The way Amazon Web Services employees have been interacting by video conferencing during the coronavirus pandemic has changed AWS’ thinking about its hiring and how meetings will evolve once more employees return to its offices, according to CEO Andy Jassy.
“For a long time…we really wanted to...hire people in locations where we had critical mass, because it was easier for them to have the right career path and interact with their teammates more effectively and to have job mobility in a different way,” Jassy said yesterday during IT solution provider Presidio’s C-Suite Perspective Webinar Series. “How effectively we've all worked in a video conferencing environment has changed our view on where we hire people and whether it's OK to have smaller numbers of people in more locations, as long as they're willing to be available to collaborate with their teammates in a time frame that works for everybody.”
While parent company Amazon claims 840,400 full- and part-time workers as the second largest employer in the United States, it was unclear how many work for AWS at press time.
Video conferencing has exploded due to the increase in remote workers and learners resulting from stay-at-home advisories and non-essential business closures forced by the coronavirus (COVID-19) pandemic, with services such Amazon Chime, Microsoft Teams, Zoom Video Communications, Slack Technologies and Google Meet reporting jumps in usage.
AWS and parent company Amazon.com use Amazon Chime for video conferencing and online meetings, according to a company spokesman. As part of a new multi-year deal announced this month, Slack will integrate Amazon Chime SDK (software development kit) to power the video, audio and screen-sharing capabilities for its workplace messaging and collaboration platform. AWS also said it will extend the use of Slack to its own employees to make it easier for AWS teams to communicate and work together.

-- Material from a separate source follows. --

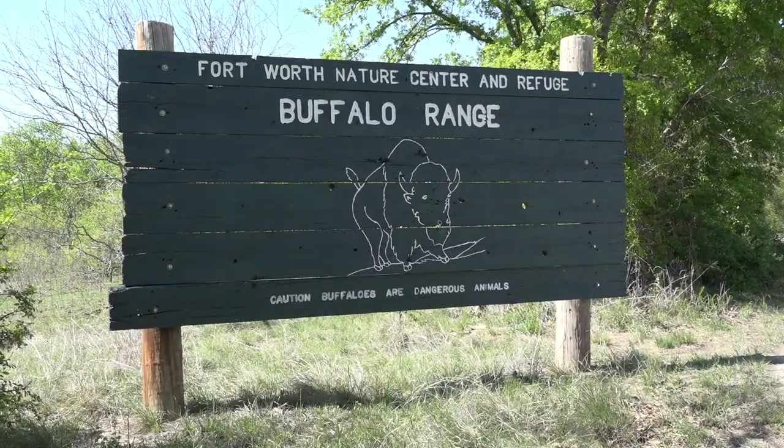Our family has been raising bison for over 30 years. They began right here at the Fort Worth Nature Preserve. They were redoing some of their corrals and put an ad in the paper that said bison for sale. My father thought it'd be a good idea to have a few bison on the ranch and decided to buy a pair. 30 years later he's the president of the National Bison Foundation and I'm on the board of directors of the Texas Bison Association.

AWS’ use of video conferencing during the pandemic also has changed how the cloud provider is thinking about handling meetings once its employees return to AWS offices in larger numbers, according to Jassy. While AWS typically had employees all over the world remotely tuning in for meetings by video before the pandemic, a larger number tended to be located in one AWS location, and it had been hard to fully include remote workers, he said.
“They're a little bit off on the side as opposed to the center of the meeting in person,” Jassy said.
But, he said, “When everybody is on video conference, and everybody just gets a square, it really changes the playing field. It really levels it, and I think we've found that it's been more inclusive. A lot of people who normally don't get to participate as visibly are able to do so. It's changed how we've been thinking about coming back to meetings when we get back into the office in larger numbers. There's a lot of things that have happened during the pandemic -- most by necessity -- that are going to change the way we all work moving forward.”